Acara dimulai dengan penyantunan anak-anak yatim dan dhuafa, diikuti dengan pembacaan sholawat yang menggema di seluruh desa. Dalam acara yang penuh makna ini, hadir Kanjeng Raden Aryo Tumenggung Guno Winarno atau yang akrab disapa Abah Kirun dan Plt Bupati Sidoarjo, Subandi S.H., M.Kn atau Abah Bandi. Kehadiran kedua tokoh ini memberikan semangat dan inspirasi tersendiri bagi warga desa.
Abah Kirun, dengan kebijaksanaannya, mengajak seluruh warga untuk selalu bersyukur atas segala nikmat yang telah diberikan. “Keselamatan, kesejahteraan, dan keberkahan yang kita rasakan saat ini adalah buah dari doa dan usaha kita bersama,” ujarnya.

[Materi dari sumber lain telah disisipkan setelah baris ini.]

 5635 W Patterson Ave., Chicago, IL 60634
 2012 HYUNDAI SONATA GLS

Sementara itu, Abah Bandi, yang dikenal dengan kepeduliannya terhadap anak yatim dan dhuafa, memberikan apresiasi tinggi kepada Pemerintah Desa Trompoasri. “Apa yang dilakukan Pemdes Trompoasri ini sangat luar biasa. Kepedulian seperti ini perlu kita teruskan dan kembangkan,” kata Abah Bandi.

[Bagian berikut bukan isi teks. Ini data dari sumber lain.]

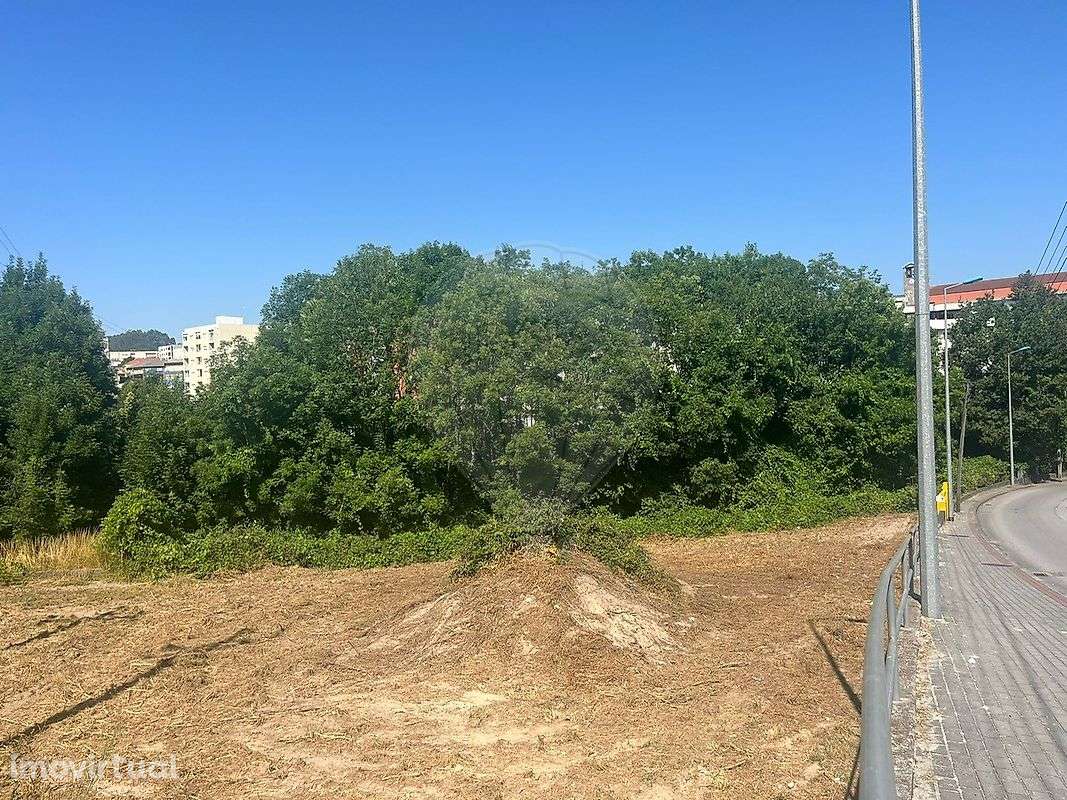 Terreno  para arrendamento - Grande imagem: 2/3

Dalam sambutannya, Abah Bandi juga menyampaikan harapannya agar desa Trompoasri menjadi desa yang baldatun thayyibatun wa rabbun ghofur, desa yang penuh dengan kebaikan dan ampunan Allah. “Mudah-mudahan maksud dan tujuan masyarakat serta Pemerintah Desa Trompoasri tersampaikan,” tambahnya.
Ia juga mengungkapkan kekagumannya kepada Kepala Desa Trompoasri dan seluruh perangkatnya yang selalu peduli terhadap pendidikan anak-anak yatim. “Pak Lurah ini hebat. Perangkatnya juga hebat. Masih senang dan peduli pada anak yatim. Terutama terhadap pendidikannya. Saya yakin derajat beliaunya akan terangkat,” ungkap Abah Bandi.

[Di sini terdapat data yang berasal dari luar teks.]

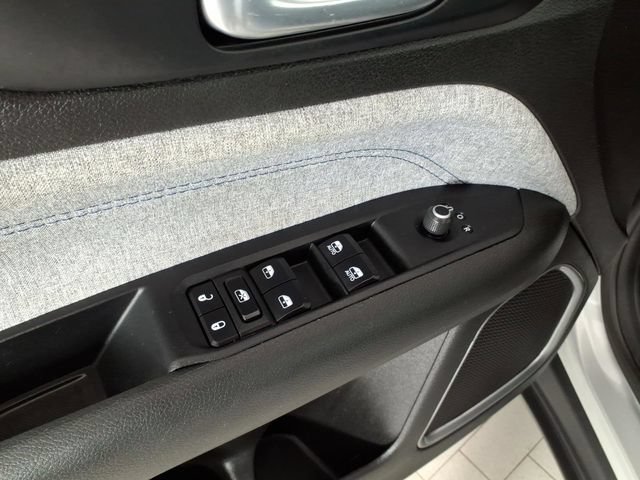 Used 2024 Jeep Compass Latitude AWD/4WD image 15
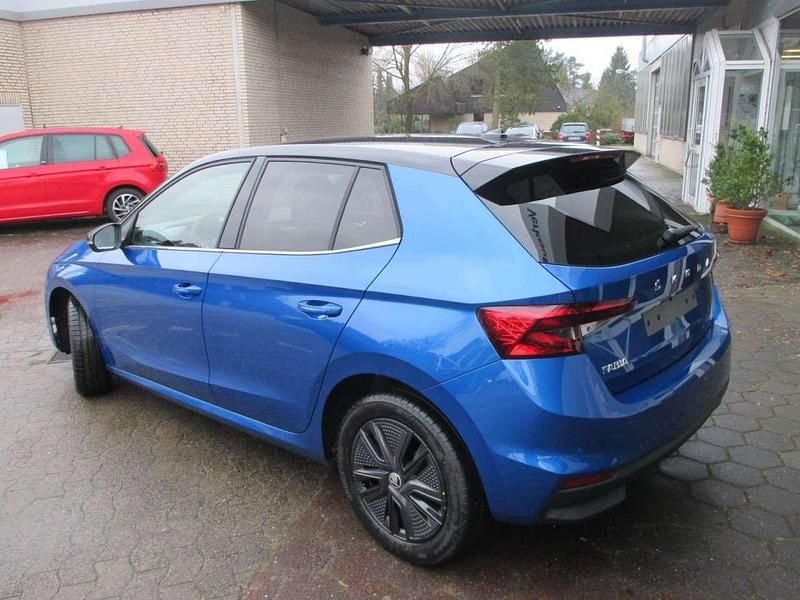Gebraucht Skoda Fabia Style 95 PS (69 kW) 2024 Racebluemetallic/dach schwarz Kleinwagen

Kepedulian terhadap anak yatim dan dhuafa, menurut Abah Bandi, bukan hanya akan membawa berkah bagi desa dan warganya, tetapi juga akan meninggikan derajat mereka di dunia dan akhirat. “Kepala desa maupun perangkatnya yang peduli kepada anak yatim serta dhuafa akan ditinggikan derajatnya, tidak hanya di dunia tetapi juga di akhirat,” tutupnya.
Ruwatan desa ini menjadi bukti nyata bahwa dengan kebersamaan dan kepedulian, sebuah komunitas dapat mencapai keberkahan dan kesejahteraan yang hakiki. Desa Trompoasri telah memberikan contoh, bagaimana tradisi lokal yang dibalut dengan nilai-nilai keagamaan dapat menjadi sumber inspirasi bagi desa-desa lainnya.